Ancak halkta da önemli miktarda tedirginlik gözleniyor.

Bütün bu olan bitenler ve konuşulmasına neden olunanlarla Türkiye’ye daha da fazla düşman edilen bir Kıbrıslıtürk toplumu; öte yandan Kıbrıs’ta yaşamını sürdürerek ayrıştırılan Türkiye kökenli topluluğu var.

Olan bitenler, tartışılanlar ve her şey ne acıdır ki toplumda olduğu kadar Ulusal Birlik Partisi içinde de infiale yol açıyor.

***

Son günlerde yaşananlarla memlekette işler bir kısmımız için iyice sarpa sardı diğerleri için görev başa düştüyse yola devam tadında sürüp gidiyor.
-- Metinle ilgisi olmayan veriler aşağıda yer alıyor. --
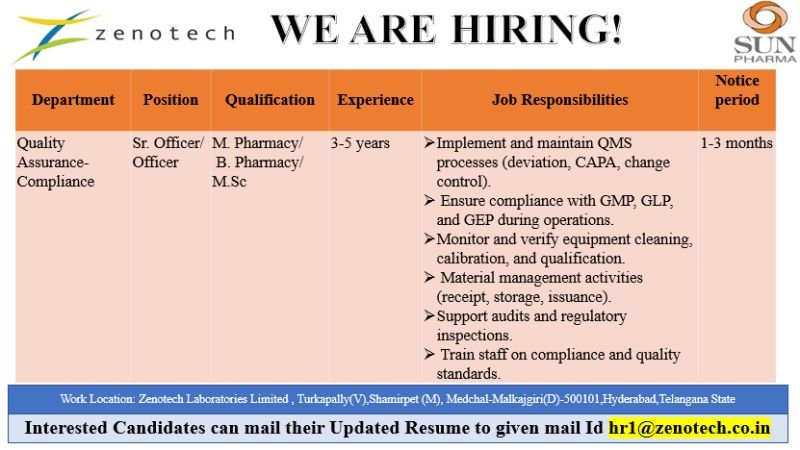Zenotech labs Jobs 2025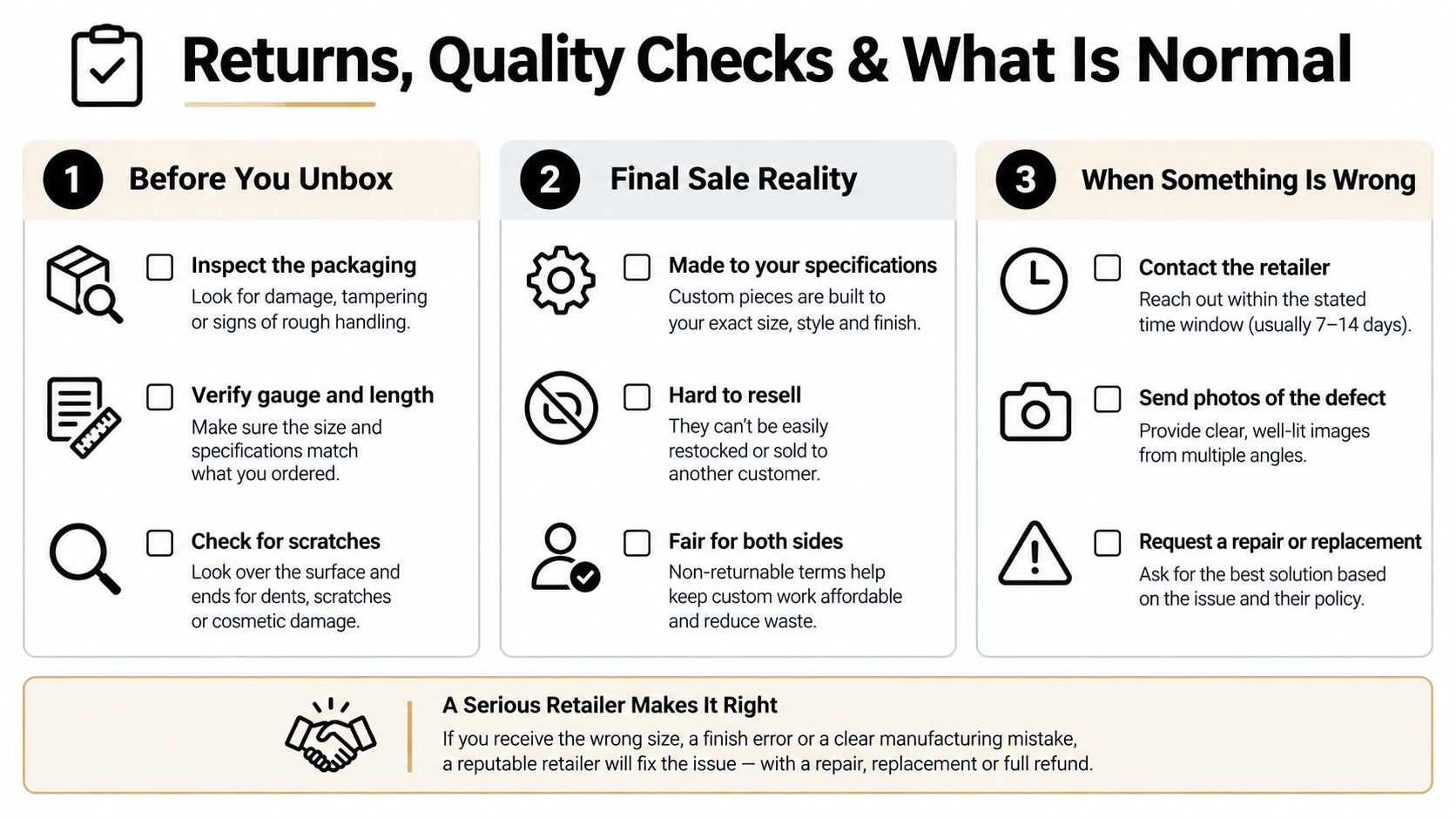 An infographic detailing steps for returns, quality checks, and managing issues with custom body jewelry orders.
Hükümet kurmak, kimin bakan olup olamadığını tartışmak, paranın nasıl geleceğini sorgulamak, hesap kitaplarını maddi manevi yapmak için asıl dikkat edilmesi gereken pek çok şey de unutulup gidiyor!

Ve Kıbrıslıtürkler bir kez daha büyük resmin içindeki yerlerinin dünyalı yurttaşlar olmak değil, kullanılan bir bölgenin hasbel kader sakinleri olmak olduğu dersini aldılar (almış olmalılar).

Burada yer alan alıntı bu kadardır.